But industry and government initiatives can help ease the market’s cost pressures. 

Gaglardi noted that Orion’s Link 200 project in Langley – a 61,944-square-foot multi-storey design that mixes office space into industrial and warehouse zones – is an example of the creativity and flexibility needed to continue creating industrial space in a challenging cost environment. 

The Link 200 site is former residential property that has been rezoned to industrial; designers added office use and additional density to the space to address the issue of rising costs. 

“We also have some third-storey offices on that project to help rationalize the cost of construction to maintain a viable project for our client,” Gaglardi said. “The goal is to try to create employment lands in areas where future transit like SkyTrain may be coming in close proximity, and – as a function of our constraints – we had to create a fairly intense multi-storey … in order to make it viable.” 

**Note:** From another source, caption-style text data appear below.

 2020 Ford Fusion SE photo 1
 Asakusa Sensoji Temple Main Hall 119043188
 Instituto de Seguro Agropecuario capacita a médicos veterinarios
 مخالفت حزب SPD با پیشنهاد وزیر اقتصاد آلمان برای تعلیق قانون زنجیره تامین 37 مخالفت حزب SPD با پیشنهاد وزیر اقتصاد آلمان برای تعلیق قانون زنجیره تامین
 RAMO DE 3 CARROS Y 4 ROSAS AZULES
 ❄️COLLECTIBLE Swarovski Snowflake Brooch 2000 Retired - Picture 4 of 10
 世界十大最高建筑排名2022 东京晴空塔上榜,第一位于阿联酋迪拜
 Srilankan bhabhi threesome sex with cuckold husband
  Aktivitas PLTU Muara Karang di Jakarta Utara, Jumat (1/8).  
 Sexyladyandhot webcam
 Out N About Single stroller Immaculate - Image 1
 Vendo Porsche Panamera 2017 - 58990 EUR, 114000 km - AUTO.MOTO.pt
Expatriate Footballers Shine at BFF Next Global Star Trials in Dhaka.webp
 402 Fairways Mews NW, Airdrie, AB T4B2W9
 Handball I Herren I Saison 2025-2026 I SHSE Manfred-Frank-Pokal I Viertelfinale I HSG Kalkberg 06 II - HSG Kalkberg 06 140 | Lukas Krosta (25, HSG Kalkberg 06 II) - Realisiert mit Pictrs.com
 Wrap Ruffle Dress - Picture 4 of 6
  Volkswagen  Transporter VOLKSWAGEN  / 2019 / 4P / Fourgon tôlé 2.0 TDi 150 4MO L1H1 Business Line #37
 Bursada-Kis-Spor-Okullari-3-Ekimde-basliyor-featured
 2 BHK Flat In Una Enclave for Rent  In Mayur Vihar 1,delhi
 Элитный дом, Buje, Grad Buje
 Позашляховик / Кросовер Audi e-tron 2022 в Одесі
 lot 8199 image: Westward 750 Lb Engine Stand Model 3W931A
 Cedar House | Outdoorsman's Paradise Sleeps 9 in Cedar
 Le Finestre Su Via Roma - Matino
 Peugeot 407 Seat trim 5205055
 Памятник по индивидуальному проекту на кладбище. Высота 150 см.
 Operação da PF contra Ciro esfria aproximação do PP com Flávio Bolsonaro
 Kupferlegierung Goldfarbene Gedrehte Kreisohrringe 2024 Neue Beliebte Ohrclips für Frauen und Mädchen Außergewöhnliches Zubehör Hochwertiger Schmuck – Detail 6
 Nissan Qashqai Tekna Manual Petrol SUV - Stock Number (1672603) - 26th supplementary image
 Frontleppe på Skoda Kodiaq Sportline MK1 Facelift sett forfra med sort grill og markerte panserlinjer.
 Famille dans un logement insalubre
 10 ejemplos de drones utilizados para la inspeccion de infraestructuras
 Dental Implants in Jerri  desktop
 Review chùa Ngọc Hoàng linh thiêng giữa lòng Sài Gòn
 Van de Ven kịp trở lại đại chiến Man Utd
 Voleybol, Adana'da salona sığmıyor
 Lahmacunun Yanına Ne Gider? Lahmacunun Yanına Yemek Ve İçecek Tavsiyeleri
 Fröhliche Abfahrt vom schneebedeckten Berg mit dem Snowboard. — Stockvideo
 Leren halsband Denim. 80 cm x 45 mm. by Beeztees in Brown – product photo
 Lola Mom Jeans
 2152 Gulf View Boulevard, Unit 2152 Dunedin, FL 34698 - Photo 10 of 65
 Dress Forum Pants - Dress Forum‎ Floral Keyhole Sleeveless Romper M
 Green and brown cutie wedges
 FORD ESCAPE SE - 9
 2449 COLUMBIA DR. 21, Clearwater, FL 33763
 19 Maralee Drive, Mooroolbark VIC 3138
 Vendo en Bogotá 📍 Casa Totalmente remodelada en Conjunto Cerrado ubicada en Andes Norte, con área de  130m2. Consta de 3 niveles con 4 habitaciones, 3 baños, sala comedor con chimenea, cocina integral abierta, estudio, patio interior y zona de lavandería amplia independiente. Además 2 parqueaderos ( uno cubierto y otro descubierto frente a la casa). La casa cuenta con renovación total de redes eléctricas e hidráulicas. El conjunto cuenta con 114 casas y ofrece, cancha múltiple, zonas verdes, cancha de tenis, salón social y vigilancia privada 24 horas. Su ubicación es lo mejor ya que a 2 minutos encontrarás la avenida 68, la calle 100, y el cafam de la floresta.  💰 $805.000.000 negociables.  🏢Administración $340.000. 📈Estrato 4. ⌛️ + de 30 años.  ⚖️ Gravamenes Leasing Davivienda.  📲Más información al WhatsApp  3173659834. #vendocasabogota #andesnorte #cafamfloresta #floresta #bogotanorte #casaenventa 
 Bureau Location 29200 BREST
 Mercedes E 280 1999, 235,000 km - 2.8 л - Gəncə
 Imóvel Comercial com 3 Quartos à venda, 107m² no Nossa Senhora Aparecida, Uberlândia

But Gaglardi added that the private sector alone can’t drive the creativity and flexibility needed to address Metro Vancouver’s dearth of industrial land. 

He said Orion’s experience working with the City of Langley – where officials prioritized creating employment lands because it supports jobs and the local economy – provides a potential road map for other governments to follow to free up more industrial space throughout the Lower Mainland. 

Part of that creativity involves taking into account non-traditional industrial uses when it comes to approving development options – something that Langley did in allowing the regulatory process for projects like Link 200 to cut through the red tape. 

The key, Gaglardi said, is to focus on the desired result: Generating long-term employment from the space being created. 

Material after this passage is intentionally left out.